I don´t know anything about the prices on the other side of the Atlantic ocean, but I would recommend a GBB. They web a lot, they have great colours, grows fast enough and eat as much and often as they are offered something  Mine is also never using its hide and is always out lounging.


----------



## MrsHaas (Jun 5, 2015)

Obts are cheap and make lots of webbing if u can deal w the aggressiveness

Reactions: Like 1


----------



## TownesVanZandt (Jun 5, 2015)

MrsHaas said:


> Obts are cheap and make lots of webbing if u can deal w the aggressiveness


OBTs and Chilobrachys spp. are cheap and web a lot, but they do have more potent venom than a GBB and I would not recommend any of them unless you have some experience with fast and aggressive Ts.

Reactions: Like 1


----------



## Chris LXXIX (Jun 5, 2015)

Desert scorps said:


> I am wondering what kind of T's are very cheap and make really cool webbings and lots of webbing in its enclosure. I want it to be cheap like 13$ for a sling. Anyone know a kind like that?


_Chromatopelma cyaneopubescens_ is an heavy webber Tarantula and if webbing is what you search, then you're ok. Hard T, easy to care, beautyful.
For me, if someone isn't "scared" by speed, _Chromatopelma cyaneopubescens_ is the best starter/beginner Tarantula. I have not seen today a "psycho" GBB, nor a threat display by those i have raised, not hair kicking. Nothing. They bolt in their hide, always.
I don't know about the prices in USA/American continent.
Keep in mind also that "webbing", just like behavior, can depend by specimen. I have a _Brachypelma albopilosum_, adult female, she is an heavy webber.


----------



## Yentlequible (Jun 5, 2015)

Psalmopeous are a good one. On display a good amount of the time, or legs poking from their holes. Pretty easily spooked, so they will retreat into their tunnels. Beautiful species though.


----------



## just1moreT (Jun 5, 2015)

Holothele Incei put some cork in there tank and they go to building.


----------



## Bugmom (Jun 5, 2015)

I second Psalmopeous species. Slings are pretty inexpensive. GBBs are impressive webbers but you're unlikely to get one for your price range. 

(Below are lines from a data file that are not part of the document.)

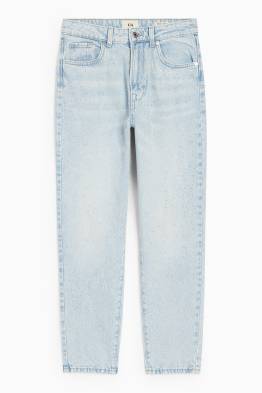 Mom jeans cu ștrasuri - talie înaltă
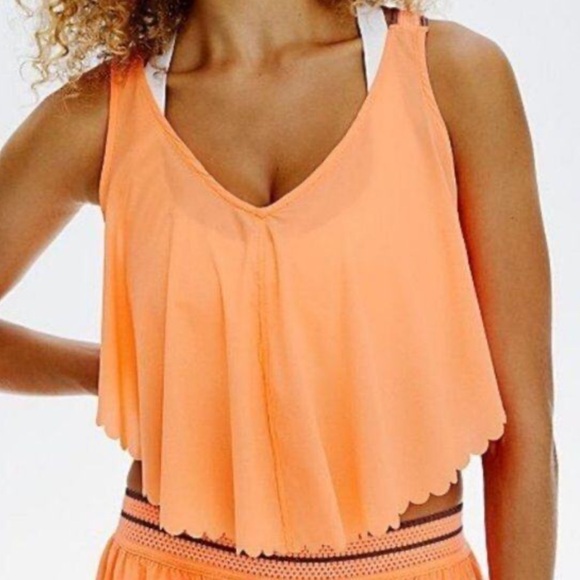 NEW Free People SMALL pretty lil running top neon mango FAST SHIP ✅ FREE GIFT 🎁 - Picture 2 of 9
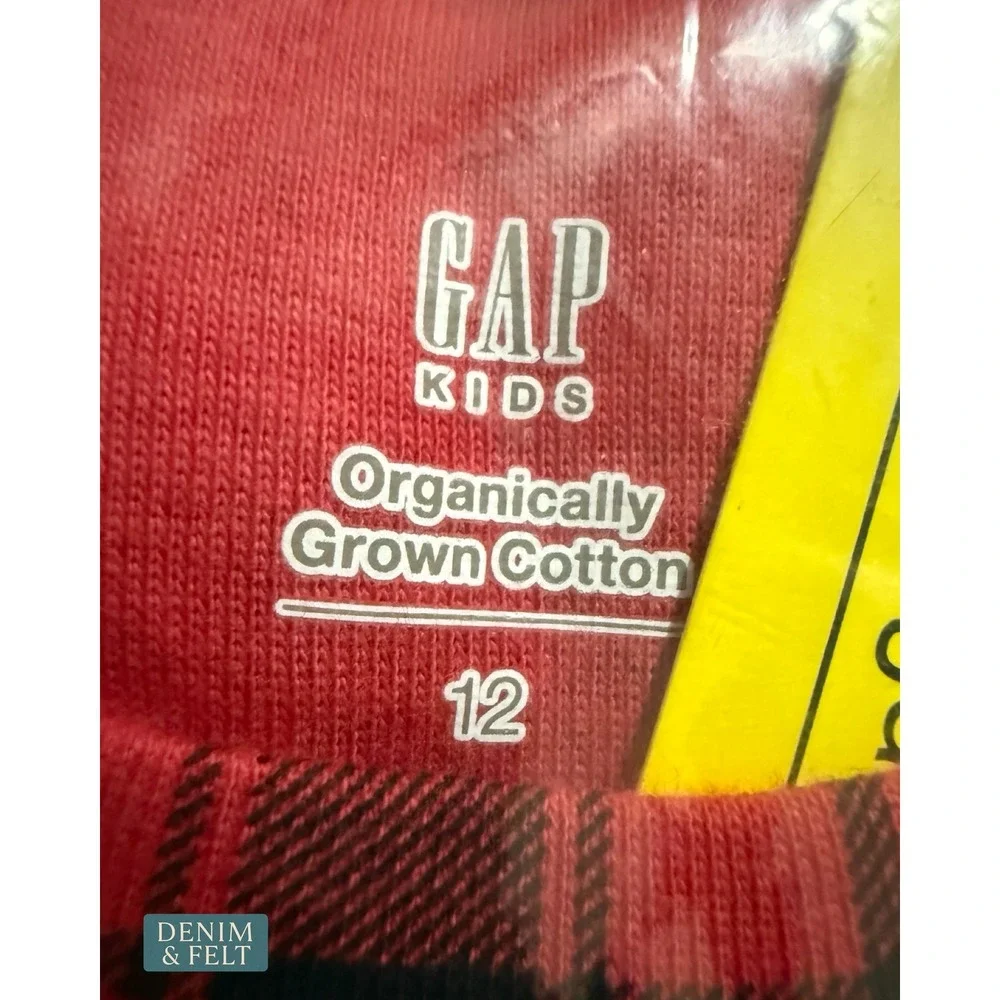 NEW‎ Gap Baby Organic Cotton Red Plaid Holiday PJ Set Christmas Size 12
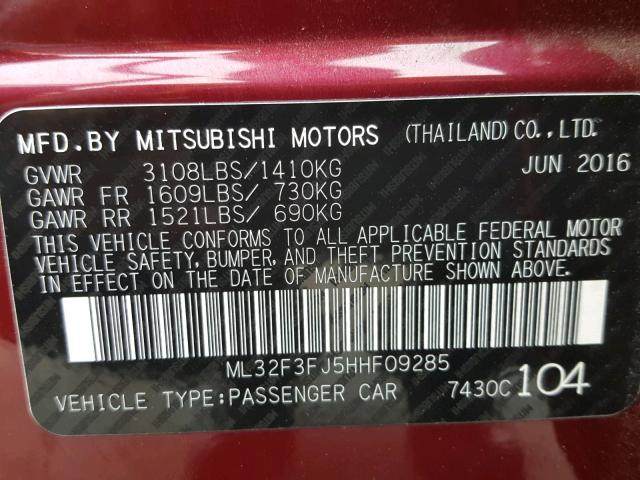 ML32F3FJ5HHF09285 - 2017 MITSUBISHI MIRAGE G4 MAROON photo 10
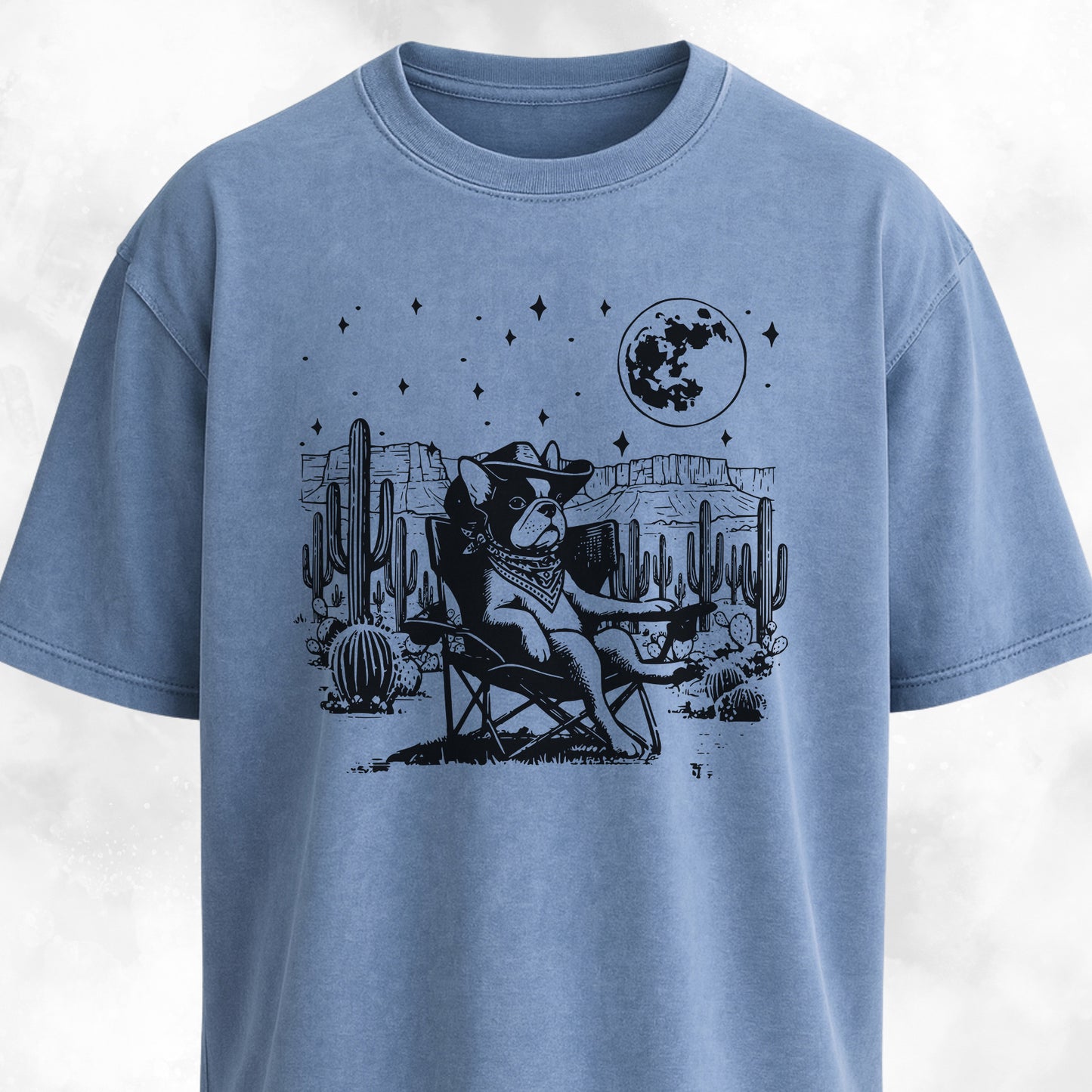 Cowboy French Bulldog In The Desert T-Shirt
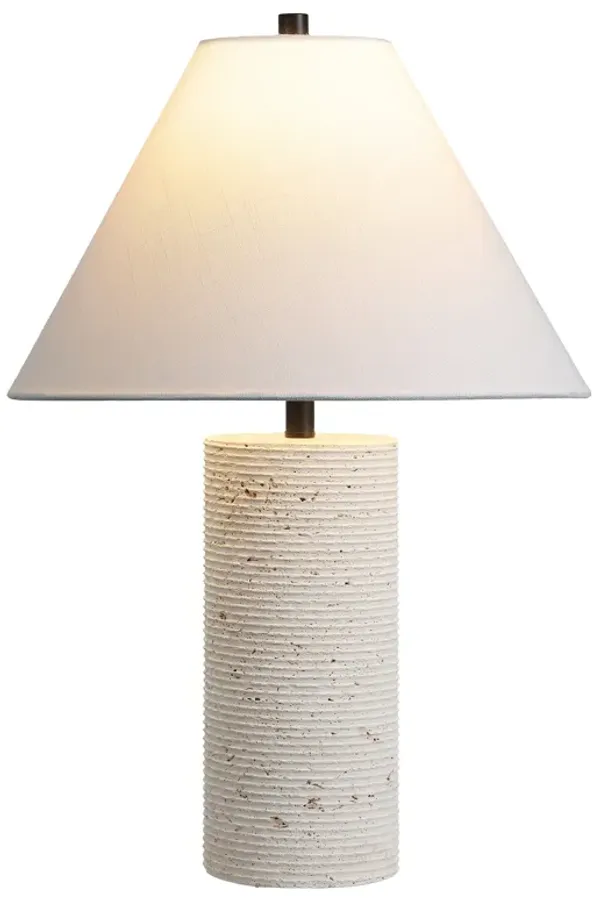 Kelsey 22.50" Modern Minimalist Travertine Column LED Table Lamp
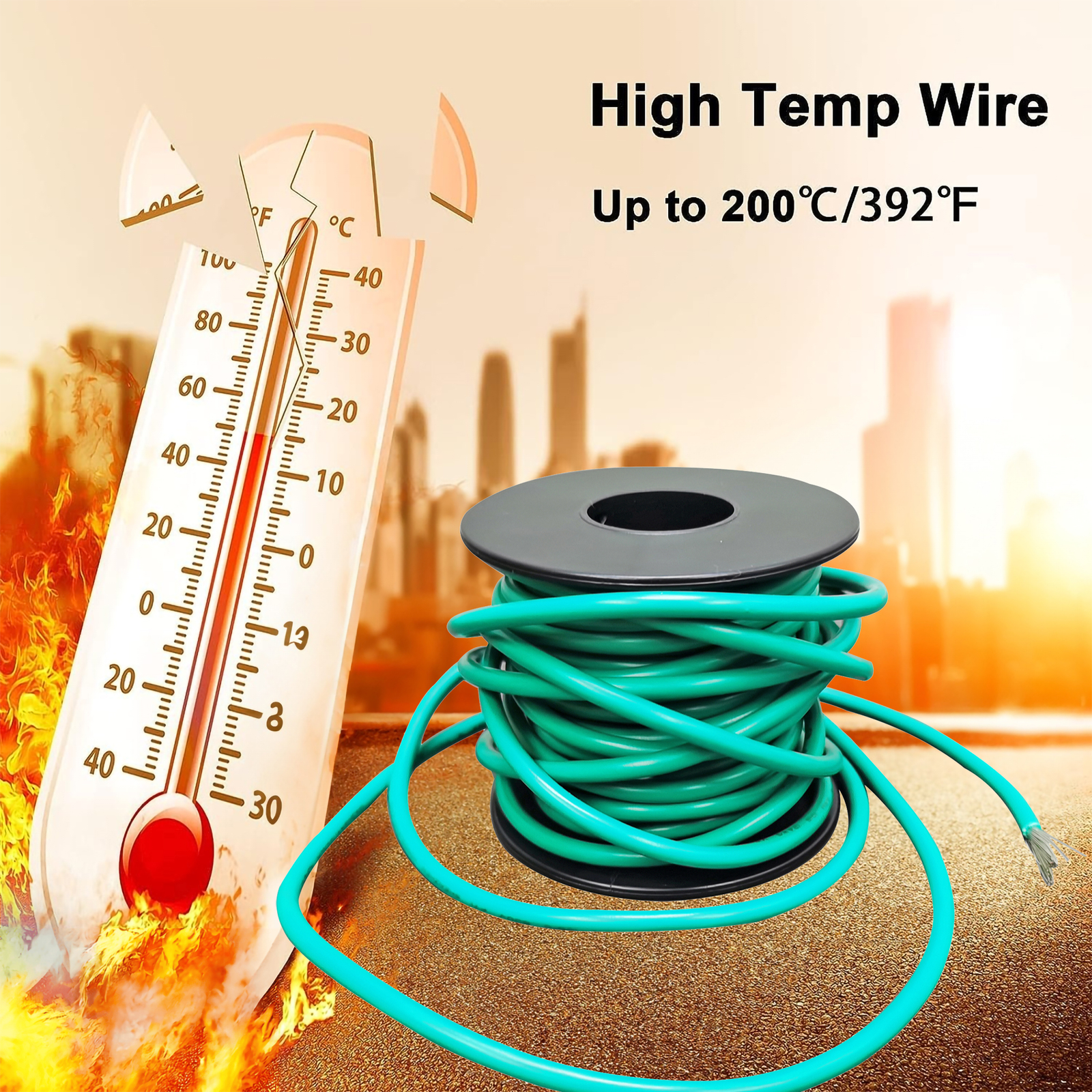 12AWG Tinned Copper Wire (Green), 26.25Ft Flexible 65-Stranded Electrical Wire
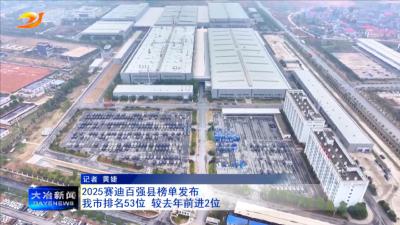 2025赛迪百强县榜单发布 我市排名53位 较去年前进2位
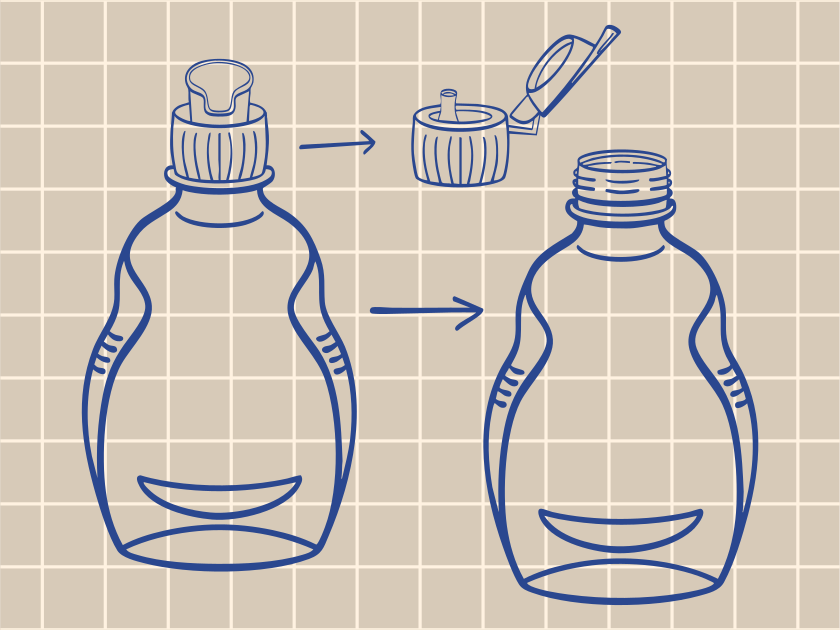 Bottle with flip-top cap and open cap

Sent from my LG-E980 using Tapatalk


----------



## cold blood (Jun 6, 2015)

H. incei

C. fasciatum....very similar to GBB, but cheaper.

A. metallica and urticans...both pretty cheap, yet beautiful and they create great web canopies.

I find Psalms to be very hit or moss with the webbing.   All web, but they line their tubes with substrate.   Some leave it at that, others take it to another level and web everything.

If you are looking OW, C. marshalli/darlingi are both heavy webbers and inexpensive.


----------



## truecreature (Jun 6, 2015)

I have several C. marshalli from Ken for $13 and they do indeed web quite a bit. They like to paste up their sub into their webbing too.


----------



## Anubis77 (Jun 6, 2015)

Hapalopus sp. "Colombia large." Cheap, docile, better colors than Cyclosternum spp. in my opinion and make the coolest little retreats. Mine's made a dent in the substrate that leads into a cork bark tube then put a giant web all around it. 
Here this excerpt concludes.